4 novembre > Essai Italie > Raffaele Simone

On sait le mot attribué à Churchill à propos de la démocratie : "le pire des régimes à l’exception de tous les autres". Le héros de la résistance démocratique face au nazisme était fort conscient de l’imperfection d’un gouvernement par le peuple et pour le peuple. Il suffit de parler cinq minutes avec un électeur moyen, disait-il encore. A l’heure de la mondialisation et des autoroutes de l’information, du règne des médias et d’un Zeitgeist contestataire global (Occupy aux Etats-Unis, Indignados en Espagne, Nuit debout en France, etc.), le scepticisme s’est accru. Il y a quelque chose de pourri dans l’état de la démocratie.

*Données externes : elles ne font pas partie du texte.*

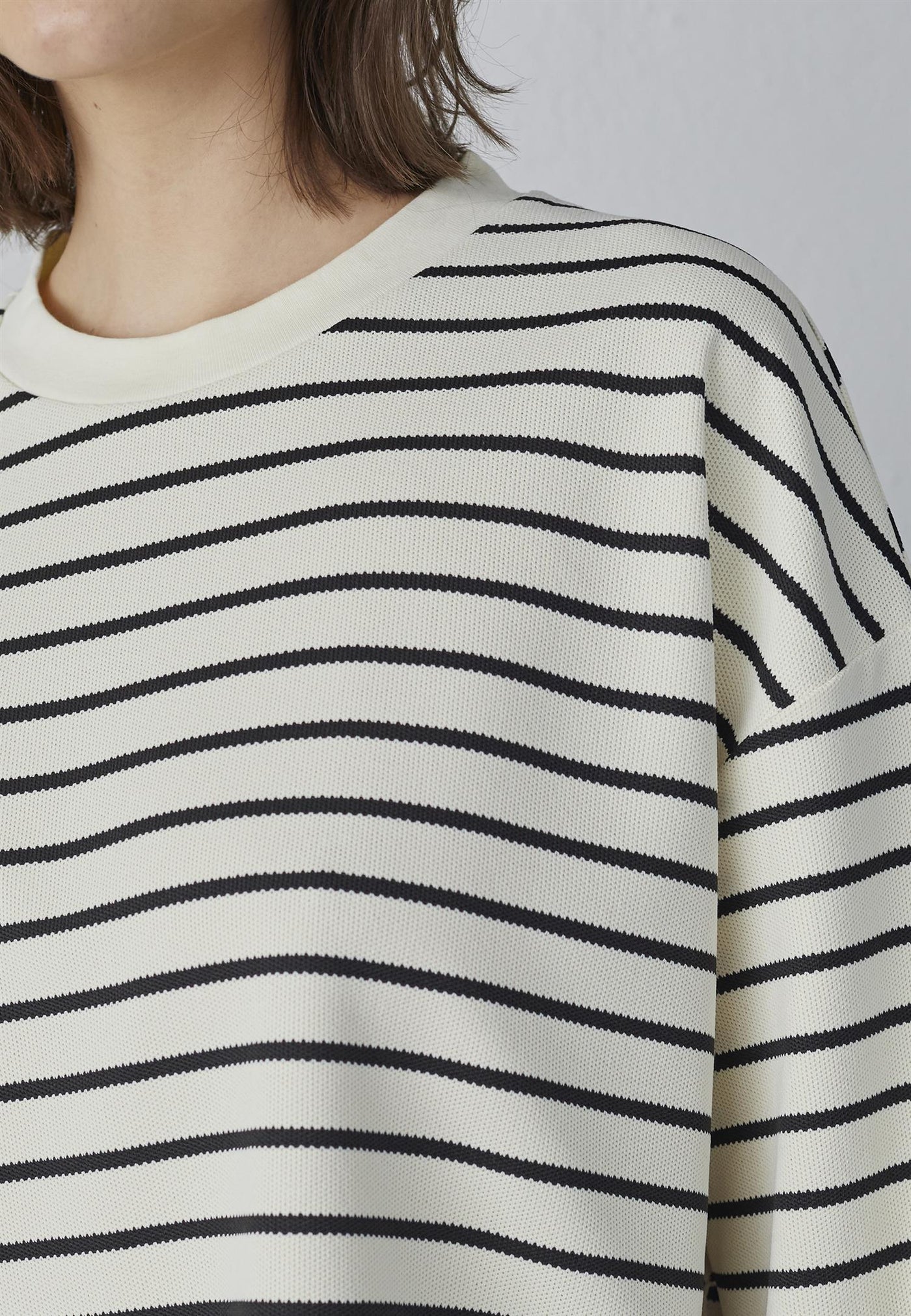 Eliso Sweater Cream Black
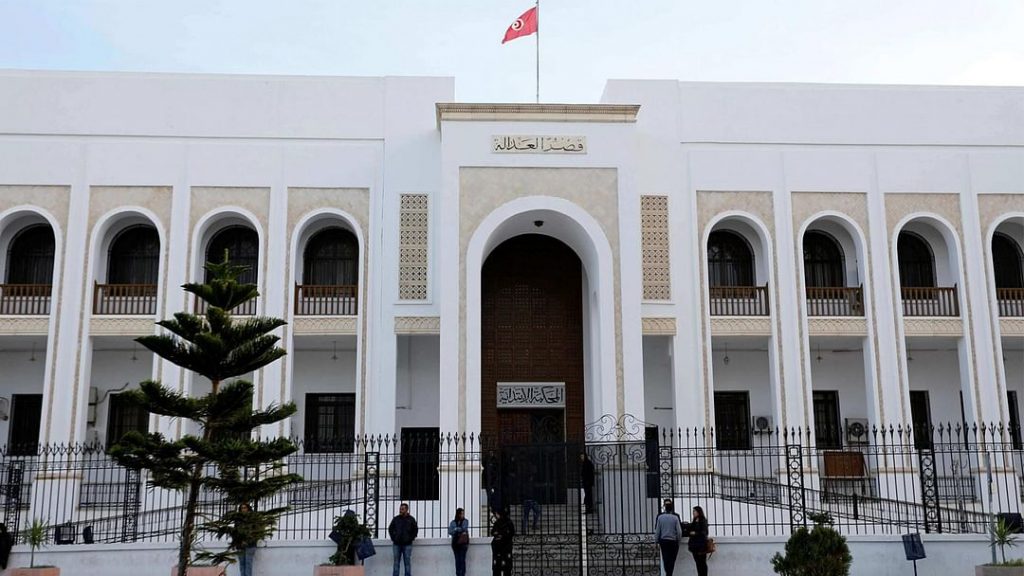 تونس.. القضاء يأمر بسجن رجل أعمال وسياسيين بارزين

Dysfonctionnement de la représentativité (des élus cachés derrière des "partis-barrières" qui plaquent sur le réel une logique partidaire), malaise dans les corps intermédiaires (désaffection vis-à-vis des syndicats), creusement des inégalités (collusion entre cercle du pouvoir et hautes sphères des affaires, pressions migratoires, déclassement), mais aussi refus de "la base" d’obéir à quelque forme que ce soit d’autorité (populisme, antiélitisme, "mouvementisme")… Que s’est-il passé ? Qu’est-ce qui a bogué ? s’interroge Raffaele Simone dans son nouvel essai Si la démocratie fait faillite. Le linguiste italien rappelle tout d’abord que la démocratie, avant même d’appliquer ses principes, requiert une adhésion. Il faut de la croyance aux principes mêmes - l’auteur du Monstre doux : l’Occident vire-t-il à droite ? (Gallimard, "Le Débat", 2010) les appellent des "principes-fictions" : la liberté de chacun de penser et d’agir dans les limites du respect d’autrui, l’égalité devant la loi, la souveraineté du peuple, la majorité comme détentrice de la raison - vox populi, vox dei. La condition sine qua non de toute démocratie digne de ce nom, c’est le vote. Et l’un des premiers articles de cette foi démocratique est la représentation, équivalent selon Raffaele Simone du mystère catholique de la transsubstantiation : à l’instar de la chair et du sang du Christ qui se changent en pain et en vin pendant l’eucharistie, l’élu est l’incarnation de la volonté du peuple. On voit aujourd’hui les records d’abstention dans les pays démocratiques : c’est la frustration créée par l’écart entre l’idéal et le réel qui est au départ. "Les institutions démocratiques réveillent et flattent la passion de l’égalité sans jamais pouvoir la satisfaire entièrement", notait déjà Tocqueville.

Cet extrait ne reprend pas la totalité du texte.